┌──
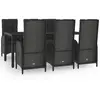vidaXL Ensemble à manger jardin et coussins 7 pcs Noir et gris Rotin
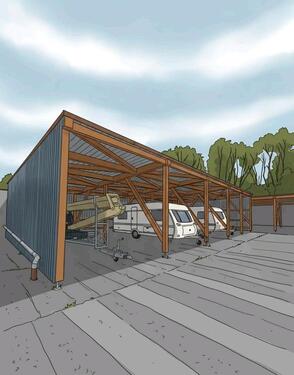 Foto - Carport Stellplatz für Caravan, Wohnanhänger, usw. zu vermieten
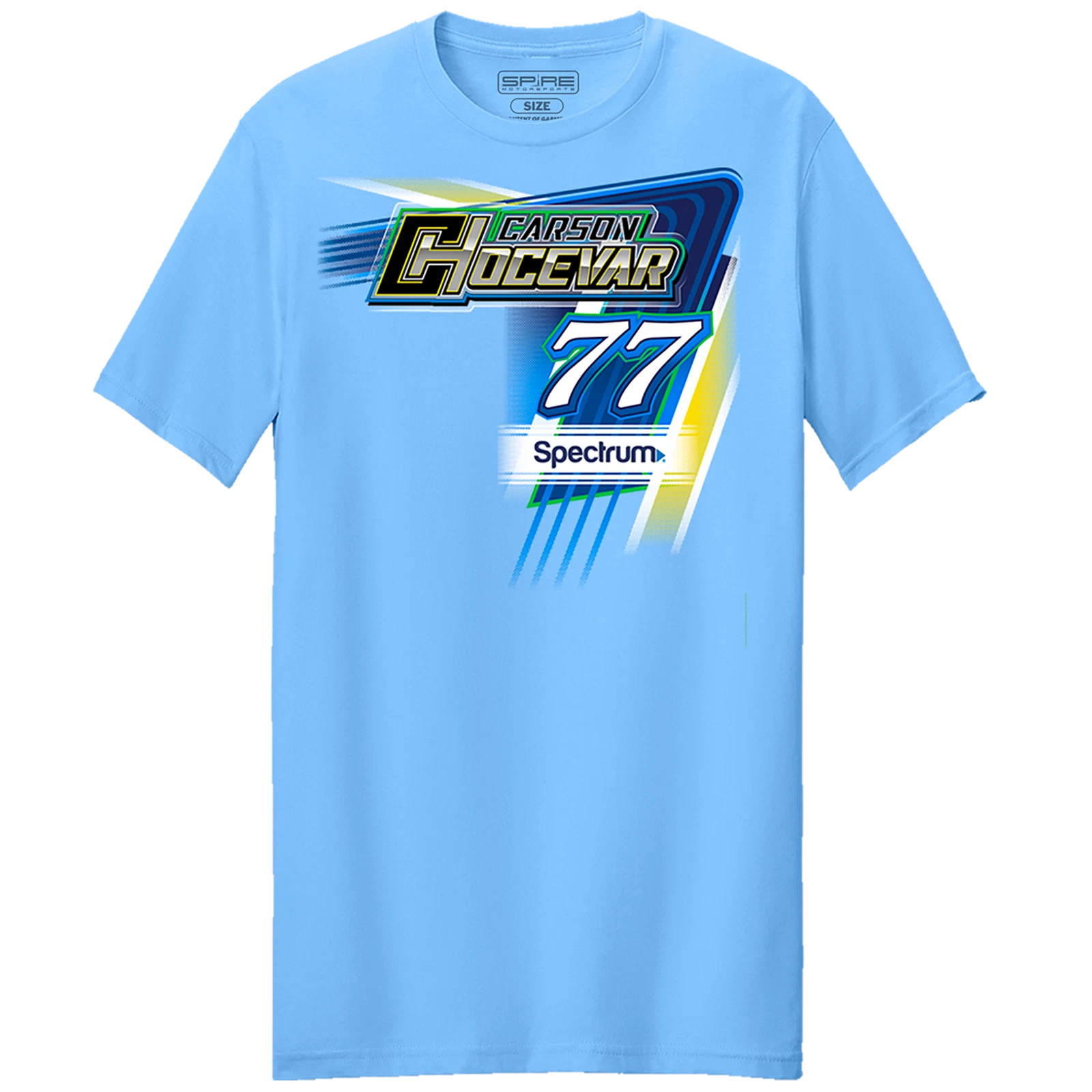 Men's Spire Motorsports Light Blue Carson Hocevar #77 Spectrum Double Sided T-Shirt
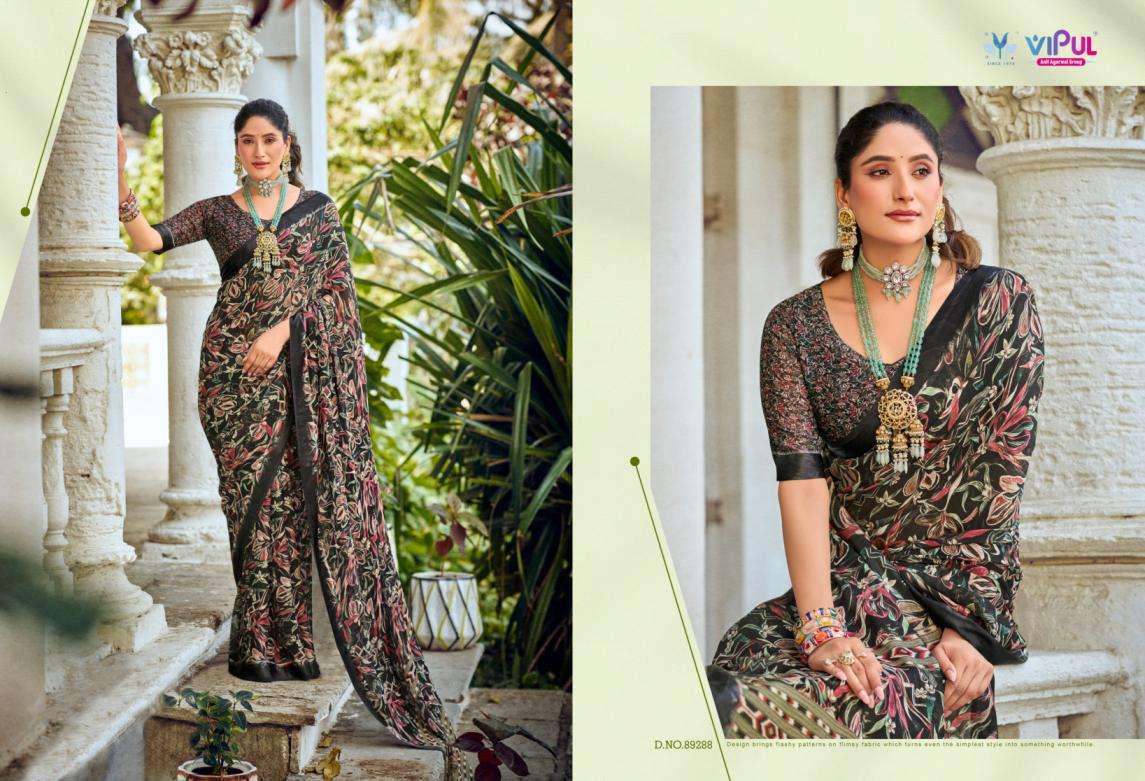 VIPUL PRESENTS SAMRIDDHI NEW GORGETTE SAREE COLLECTION CATALOG WHOLESALER AND EXPORTER 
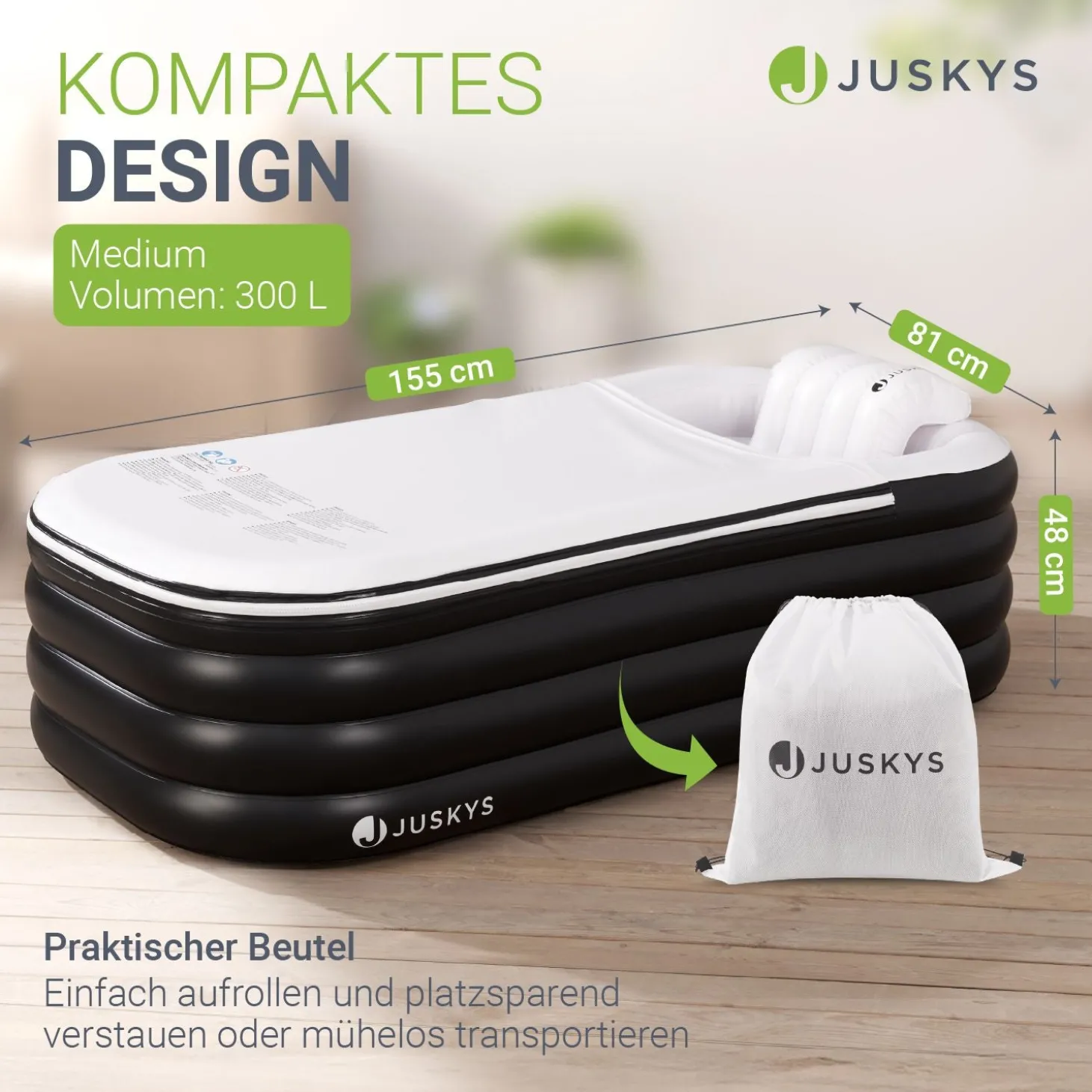 Mobile Badewanne Aufblasbare Wanne mit Luftpumpe, Abdeckung und Rückenlehne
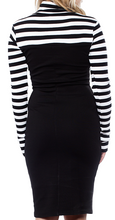 Load image into Gallery viewer, FINAL SALE SMAK PARLOUR- STRIPED TURTLE NECK MOCK DRESS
└──
Everything from the line with "Foto - Carport" through the final line of the material is to be returned exactly, both ends included, apart from the pictures.

▶ [Response to this task]:
 Foto - Carport Stellplatz für Caravan, Wohnanhänger, usw. zu vermieten
 Men's Spire Motorsports Light Blue Carson Hocevar #77 Spectrum Double Sided T-Shirt
 VIPUL PRESENTS SAMRIDDHI NEW GORGETTE SAREE COLLECTION CATALOG WHOLESALER AND EXPORTER 
 Mobile Badewanne Aufblasbare Wanne mit Luftpumpe, Abdeckung und Rückenlehne
 Load image into Gallery viewer, FINAL SALE SMAK PARLOUR- STRIPED TURTLE NECK MOCK DRESS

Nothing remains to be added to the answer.